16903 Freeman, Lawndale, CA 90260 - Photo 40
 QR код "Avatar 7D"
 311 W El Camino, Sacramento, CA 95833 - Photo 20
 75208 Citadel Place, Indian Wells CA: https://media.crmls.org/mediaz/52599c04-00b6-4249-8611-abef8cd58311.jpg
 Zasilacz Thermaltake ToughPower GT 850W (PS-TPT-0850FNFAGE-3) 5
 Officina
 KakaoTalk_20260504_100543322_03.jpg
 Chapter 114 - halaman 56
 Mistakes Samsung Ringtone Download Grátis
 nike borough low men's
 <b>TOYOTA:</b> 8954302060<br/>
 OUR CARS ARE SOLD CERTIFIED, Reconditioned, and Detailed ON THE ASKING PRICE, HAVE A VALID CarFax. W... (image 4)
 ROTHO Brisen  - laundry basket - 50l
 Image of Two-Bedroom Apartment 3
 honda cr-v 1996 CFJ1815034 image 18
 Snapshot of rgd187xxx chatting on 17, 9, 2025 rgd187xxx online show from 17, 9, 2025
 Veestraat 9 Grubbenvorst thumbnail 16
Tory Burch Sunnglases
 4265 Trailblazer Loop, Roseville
-- -- --
WHAT THE TASK ASKS:
Output nothing but the lines from the one containing "Tory Burch Sunnglases" through the last line of the data, exactly as they stand.

YOUR RESPONSE:
Tory Burch Sunnglases
 4265 Trailblazer Loop, Roseville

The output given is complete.